What is required: Please copy out the entries until you have copied the line that contains "All Blacks' EPIC", beginning with the first line.

Task input:

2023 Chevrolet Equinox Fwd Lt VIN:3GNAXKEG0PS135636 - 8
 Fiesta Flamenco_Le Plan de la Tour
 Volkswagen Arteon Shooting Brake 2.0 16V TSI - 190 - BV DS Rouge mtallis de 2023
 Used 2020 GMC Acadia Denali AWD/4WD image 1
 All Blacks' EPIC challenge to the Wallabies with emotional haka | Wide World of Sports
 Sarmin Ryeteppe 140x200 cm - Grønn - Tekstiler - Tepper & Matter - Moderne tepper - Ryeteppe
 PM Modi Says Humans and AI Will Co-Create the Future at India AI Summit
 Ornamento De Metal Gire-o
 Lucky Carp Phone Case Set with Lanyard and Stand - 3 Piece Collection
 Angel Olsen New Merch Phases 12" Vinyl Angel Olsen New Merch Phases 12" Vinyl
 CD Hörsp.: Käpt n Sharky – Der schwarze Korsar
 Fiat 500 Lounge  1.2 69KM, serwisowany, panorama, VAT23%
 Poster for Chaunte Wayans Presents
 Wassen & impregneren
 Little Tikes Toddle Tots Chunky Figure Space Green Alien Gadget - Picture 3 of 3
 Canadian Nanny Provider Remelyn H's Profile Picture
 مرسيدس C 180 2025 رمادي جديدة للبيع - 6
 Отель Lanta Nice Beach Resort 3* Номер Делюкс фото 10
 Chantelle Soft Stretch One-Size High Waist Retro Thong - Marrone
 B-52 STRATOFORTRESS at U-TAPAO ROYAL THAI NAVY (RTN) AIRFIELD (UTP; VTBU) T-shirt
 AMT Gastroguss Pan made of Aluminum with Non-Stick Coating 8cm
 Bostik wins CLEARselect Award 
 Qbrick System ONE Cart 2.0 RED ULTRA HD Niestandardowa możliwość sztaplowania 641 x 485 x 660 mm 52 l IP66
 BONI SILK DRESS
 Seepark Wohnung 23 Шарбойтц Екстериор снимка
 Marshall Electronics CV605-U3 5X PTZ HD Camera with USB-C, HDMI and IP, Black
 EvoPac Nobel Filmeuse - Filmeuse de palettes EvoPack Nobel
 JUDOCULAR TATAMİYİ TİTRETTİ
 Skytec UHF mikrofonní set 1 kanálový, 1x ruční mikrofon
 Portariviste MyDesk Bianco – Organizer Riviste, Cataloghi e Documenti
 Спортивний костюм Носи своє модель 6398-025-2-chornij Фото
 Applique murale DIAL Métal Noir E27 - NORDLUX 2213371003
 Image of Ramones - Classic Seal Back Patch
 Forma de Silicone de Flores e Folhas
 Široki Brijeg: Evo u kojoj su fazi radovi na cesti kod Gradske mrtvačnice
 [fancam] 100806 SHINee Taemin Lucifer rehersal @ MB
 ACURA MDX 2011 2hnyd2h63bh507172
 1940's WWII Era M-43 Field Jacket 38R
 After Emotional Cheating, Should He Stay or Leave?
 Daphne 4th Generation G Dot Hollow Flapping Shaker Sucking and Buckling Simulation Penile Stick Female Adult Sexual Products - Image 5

Finished task:
2023 Chevrolet Equinox Fwd Lt VIN:3GNAXKEG0PS135636 - 8
 Fiesta Flamenco_Le Plan de la Tour
 Volkswagen Arteon Shooting Brake 2.0 16V TSI - 190 - BV DS Rouge mtallis de 2023
 Used 2020 GMC Acadia Denali AWD/4WD image 1
 All Blacks' EPIC challenge to the Wallabies with emotional haka | Wide World of Sports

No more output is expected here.